ForkLog: Going deeper into this, what is your actual business model? Where is your financial interest?

Daniel Popa: We’re getting ready to do a pre-sale, and in April we’re pretty much seeking private investors, that we would pre-sale to at a discount. And because the Anchor is a stable currency, you know, you can’t really ride the waves of the volatility – so it’s a pretty much one-time chance for an investor to come in, to help us launch the project, and they receive a large discount for doing that.

ForkLog: Will it all be aimed at accredited investors only?

Daniel Popa: Yes.

ForkLog: Will Anchor be open to the US market?

Daniel Popa: Yes, we are a Swiss company, and because we are doing a private placement and we are not having anything to do with the US, by law we can allow accredited US ambassadors to be part of the project.

ForkLog: Your token is not a security token then? If that’s the case, it doesn’t fall under the SEC jurisdiction, right?

Daniel Popa: No, it shouldn’t. But to be even more sure, right now we filed a request with FINMA, and we are waiting for a letter of non concern, which is pretty much about saying: yes, this is a utility token and not a security token.

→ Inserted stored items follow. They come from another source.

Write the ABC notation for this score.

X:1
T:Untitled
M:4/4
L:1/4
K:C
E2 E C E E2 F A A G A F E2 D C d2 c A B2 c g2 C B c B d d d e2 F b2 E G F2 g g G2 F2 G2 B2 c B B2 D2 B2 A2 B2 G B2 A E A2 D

Daniel Popa with Anchor’s team at Blockchain Economy Istanbul Summit

ForkLog: When Anchor is expected to be fully launched?

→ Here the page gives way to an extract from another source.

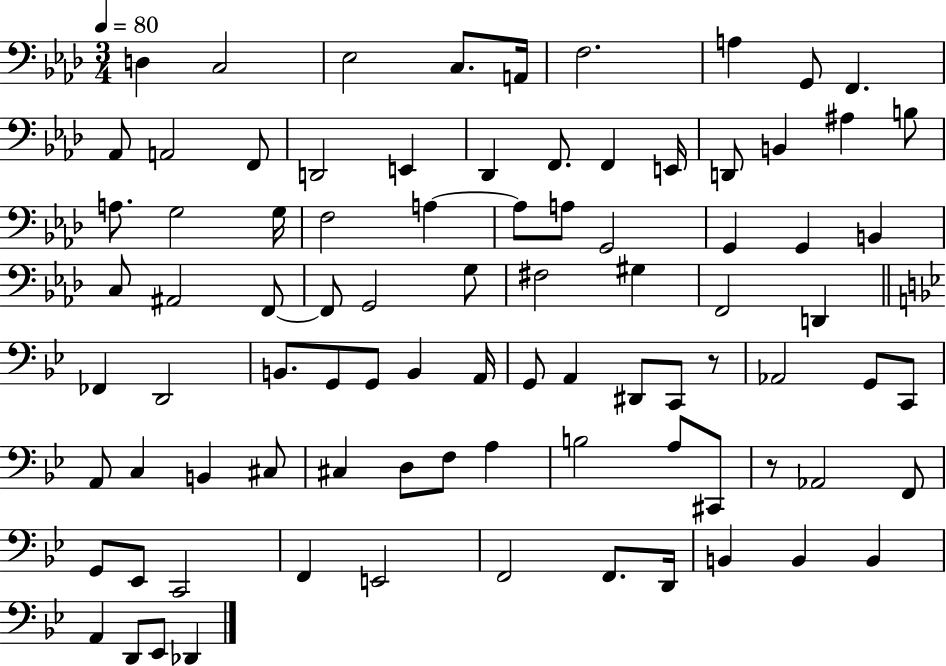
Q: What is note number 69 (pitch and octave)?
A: Ab2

Daniel Popa: We are making the last details as we speak. We plan on launching in April, we have two dates for April, that we will announce soon, but we have not yet determined the exact date. But it’s gonna be in April.

ForkLog: Will you tell more about your team?

Daniel Popa: It’s a global team. We have a team in Switzerland, we have a team in Bulgaria, we also have people in Ukraine, Moldova, Romania, United States, and Canada, so we are pretty international. We are not a big team, just 32 people, but this is pretty decent for just working and starting this thing.

ForkLog: What do you think about JPMorgan launching their own coin? They call it a stablecoin as well.

Daniel Popa: Like I have already mentioned, I truly believe in stablecoins. The more people will come in, and more companies like JPMorgan or Facebook who are working on a stablecoin themselves, the better it is. I think it’s a great thing that they’re doing that, it literally shows the world that whatever happened until now is wrong. And you know, if companies like that are coming into this game, that means whatever the cryptopeople and the blockchain did, it’s a great thing. So I think it’s wonderful.